Perché il confronto allarga il cuore? Per la ragione che di fronte al film su Cristo girato da una star di Hollywood, si conferma l’impressione di essere in una società sempre più prigioniera dello spettacolo — anche senza tornare alle pagine di Guy Débord –; pazienza, tuttavia, se questa corrosione si chiama per esempio Grande Fratello o se la pervasività della comunicazione mediatica ci precipita in un Truman Show.
Ma quando s’impadronisce degli aspetti più autentici della spiritualità, come il rapporto coi Vangeli e con Cristo, così per i credenti come per gli agnostici, nel quadro di astute operazioni di marketing (come uscire con The Passion il mercoledì santo, alla vigilia dei tre giorni che nelle chiese cattoliche si rispecchiano nella lettura del Passion, il monopolio spettacolare diventa una cappa.

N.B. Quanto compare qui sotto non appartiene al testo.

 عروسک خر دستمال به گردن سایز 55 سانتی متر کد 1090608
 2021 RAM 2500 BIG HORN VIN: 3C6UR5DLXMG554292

Perciò la soddisfazione che ci sia almeno un confronto e una competizione, con un’opera opposta nella concezione e nell’estetica, qual era il pasoliniano Vangelo secondo Matteo, il cui fine non è stupire o shoccare — ai bei tempi si sarebbe detto «épater le bourgeois» –, bensì riprodurre, con quanto di autenticità risulta possibile in un’opera d’arte, la testimonianza evangelica, cercando, soprattutto, di ricavare emozioni per il pubblico da un contrasto: fra una semplicità giovannea nello stile della narrazione e una fedeltà alla inesplicabilità del mistero religioso. In fondo che ci sia una possibilità di scelta, fra Gibson e Pasolini, è anch’essa una questione di mercato, senza dimenticare che lo stesso Gibson ha reso un omaggio, non sappiamo se consapevole, al maestro italiano girando una parte del suo film anche lui fra i Sassi di Matera.

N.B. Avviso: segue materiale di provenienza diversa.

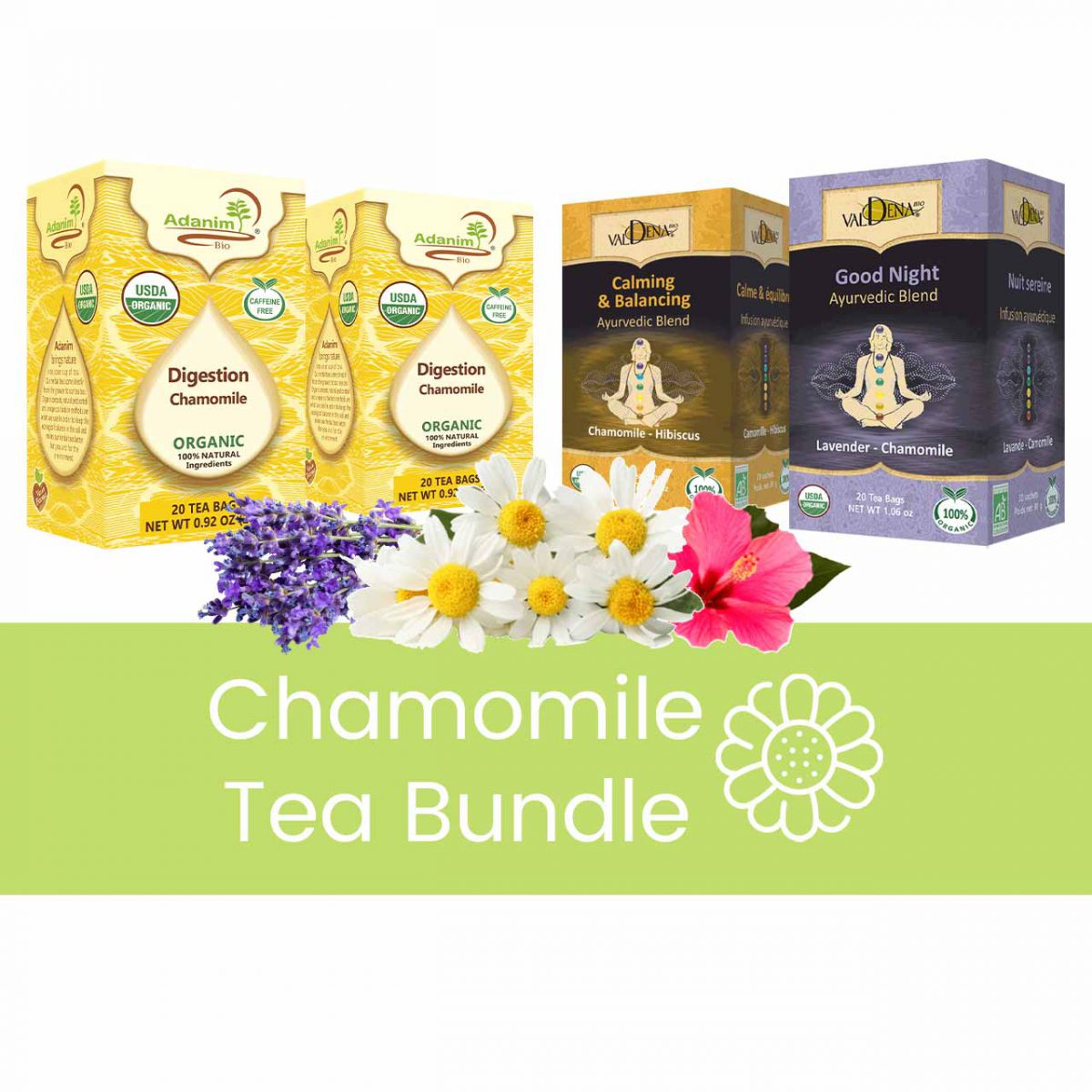 Chamomile tea Bundle Chamomile herbal tea Bundle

Da La Stampa, 18 marzo 2004
Georges Sadoul
Il Vangelo di Matteo è raccontato da Pasolini sullo sfondo dei poveri paesi calabresi, con un Cristo duro e polemico, in immagini di grande bellezza figurativa, che non escludono neanche brani di “cinema diretto”. Volutamente ieratico e “classico”, il film è tuttavia ibrido e insoddisfacente, per la sua visione generale, mescolanza di marxismo e cattolicesimo interpretati in modo del tutto “pasoliniano”. Dedicato a Giovanni XXIII. Comunque il migliore delle dozzine di film agiografici ispirati alla Passione.